A woman DOESN'T need witnesses to show that she was raped anywhere in the world. she need medical checks & a DNA test . Not sure where you got your info from. This is totally incorrect.



			
				Taurisk said:
			
		

> As to clothes:
> When I came to Australia, I only wore my national outfit (dirndl) and my husband wore his lederhosen in a social club from our own ethnic background, never out in the street.  We wore the clothes everybody else was wearing, because we wished to fit in.   It's simply ignorant not to do as the locals do.




You had the freedom to wear what you wanted to wear even if it was your normal clothes or others in your own preferred time. why do you deny others the freedom to wear what they like? isn't this the FREE WORLD!



			
				Taurisk said:
			
		

> I won't even go into Muhammed's life story, because he did live a long time ago and people did behave differently, and I feel he is being vilified on the net quite a bit.  The true facts of his life will never be verified, yet we do know that he allowed himself certain sexual freedoms that he would not allow his fellows, and always found a nice sura or revelation to justify it.  He was also a great leader and probably very necessary at that particular time of Arab history.  He was the one that wrote the sura about a paradise for men were there were numerous beautiful women awaiting them, captive inside little palaces, inside a perl etc..  No mention what rewards await women..

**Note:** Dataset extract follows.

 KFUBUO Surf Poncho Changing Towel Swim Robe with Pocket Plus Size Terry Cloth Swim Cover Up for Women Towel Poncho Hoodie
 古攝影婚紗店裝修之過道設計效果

Amazing info, Muhammed lived 1400 years ago, ONLY 600 after Jesus. Not much difference in time & or even geographical location. 

the true facts of his life is verfied & in more details thru many of his followers (same as Jesus students) & their writings of his teaching & different occasions. Muslims call that Ahadeeth, its more or less the equivalent the gospels, except that those stories mentioned by Muhammed's students were seperated from the holy book (Quran), which Muslims believe it was clear msg from God & no one helped in phrasing or inventing its words.

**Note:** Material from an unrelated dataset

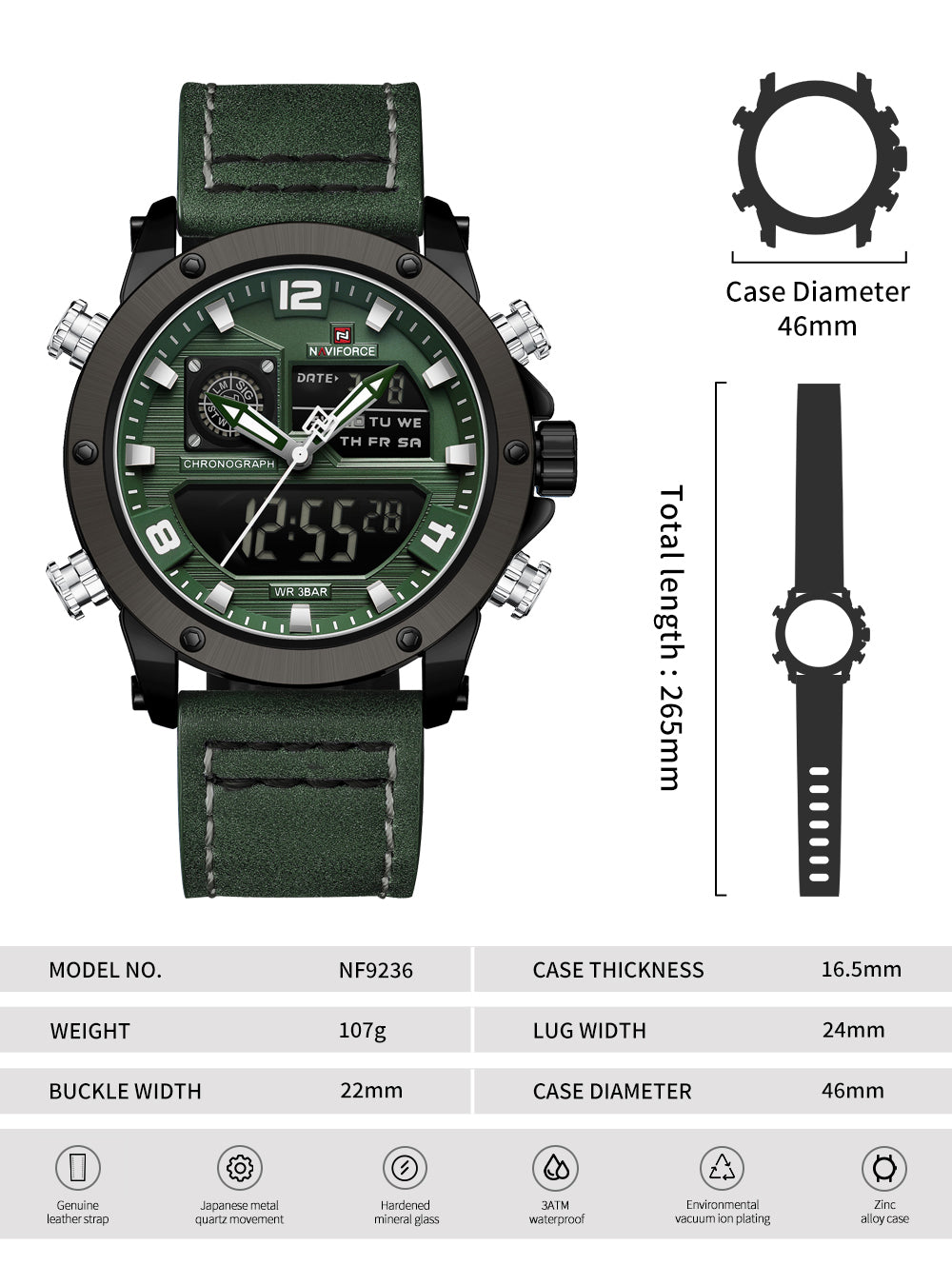 Naviforce NF9236 Green Strap Military Style Analog-Digital Watch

Muhammed did tell his followers, 1400yo, who were getting killed by non-believers, that if they were killed for the reason for thier faith, which was happening, that they'll get to heaven with all its girls & guys & the whole lot , or if they get killed, defending their land or family, then they get to the same end. Pls remember, they ran away from their home land because non-believers at the time destroyed their houses & took thier wives & kids as slaves! This is nothing that could upset anyone.



			
				Taurisk said:
			
		

> If you don't like the Western world or way, please book your paid tickets to a part of the world that's more amenable  to yours.  If you live here, you have to take the modern (Western) world as it is with all its faults, its unlimited personal freedoms (you don't have to accept them for yourself) its motor cars, its political struggles for dominance over that precious substance that runs the motor cars and industry  which gives us and you a great living standard.  There is also the possibility that you might want to work towards a better version of democracy here, by voting; there is also the possibility that you engage yourself in a meaningful way for an alternative lifestyle that is ecologically less damaging.  For example:  do you drive a petrol-driven motor car, or have you looked at alternatives?

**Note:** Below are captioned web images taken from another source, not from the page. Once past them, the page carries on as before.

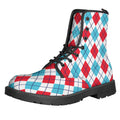 White Red And Blue Argyle Pattern Print Lace-Up Boots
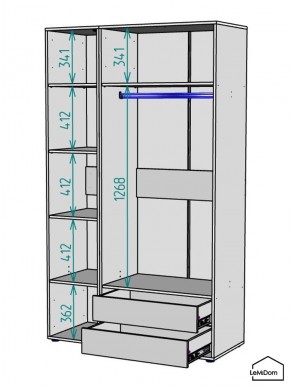 Шкаф Linnea MHR-3-2 2050х1200х510 (ДВ-М 11.1.25) в Нягани - nyagan.mebel24.online | фото 3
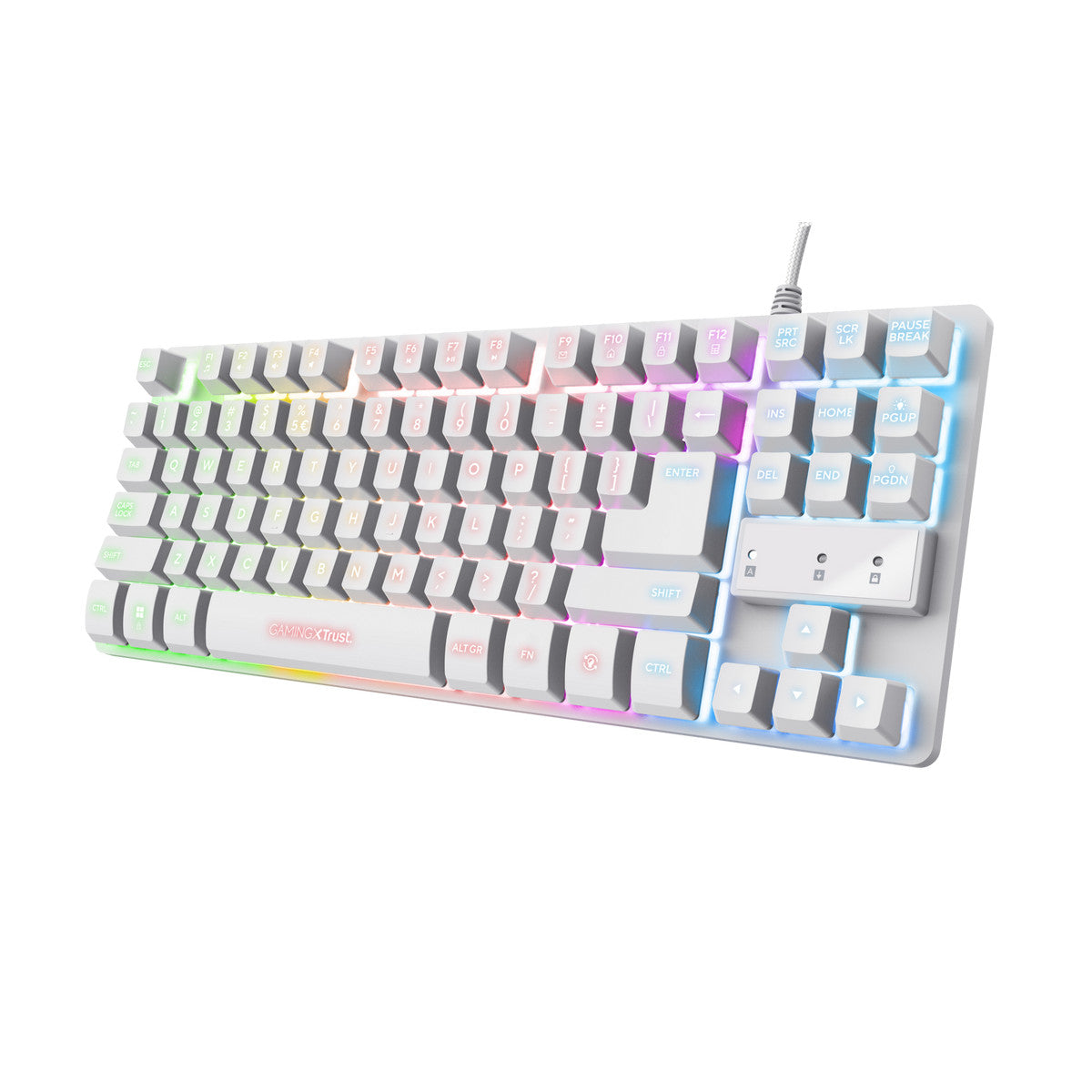 Trust GXT 833W Thado tastiera Gaming USB Olandese Bianco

I do like your way of life & I live here in Australia, its you that don't want me here because of my clothing  do you call that civilisation.

The only difference between you & me is that I like your freedom & I don't think you have clear understanding to what freedom is all about. You think because I don't wear same clothes as you then I should go & find somewhere else to live??????? is that your defenition of freedom & democracy????? I'm amazed to you're even a member in a stock forum


----------



## IGO4IT (30 January 2007)

Taurisk said:
			
		

> If you don't like the Western world or way, please book your paid tickets to a part of the world that's more amenable  to yours.  If you live here, you have to take the modern (Western) world as it is with all its faults, its unlimited personal freedoms (you don't have to accept them for yourself) its motor cars, its political struggles for dominance over that precious substance that runs the motor cars and industry  which gives us and you a great living standard.  There is also the possibility that you might want to work towards a better version of democracy here, by voting; there is also the possibility that you engage yourself in a meaningful way for an alternative lifestyle that is ecologically less damaging.  For example:  do you drive a petrol-driven motor car, or have you looked at alternatives?





Did you read any of my other posts at all?

I know more about democracy possibly more than you, I (as a person) most likely pay more taxes than your whole street   , I'm not proud of it though.

& finally, I don't go & tell people to go & find other countries to suit them when they disagree with me   

cheers & read previous posts if you care to learn more.


----------



## Taurisk (30 January 2007)

IGO4IT said:
			
		

> I'm positive you're confused between a woman who tries to prove that it was raped & someone who tries to prove adultry.
> 
> A woman DOESN'T need witnesses to show that she was raped anywhere in the world. she need medical checks & a DNA test . Not sure where you got your info from. This is totally incorrect.
> 
> ...




Hi GO4IT

Weeelllll, all that huffing and puffing ...  
You are a bit of a choleric, aren't you?   
I actually thought we were talking in a general way, and the problems of integration into Australian society of certain groups of migrants with errant and tactless leaders.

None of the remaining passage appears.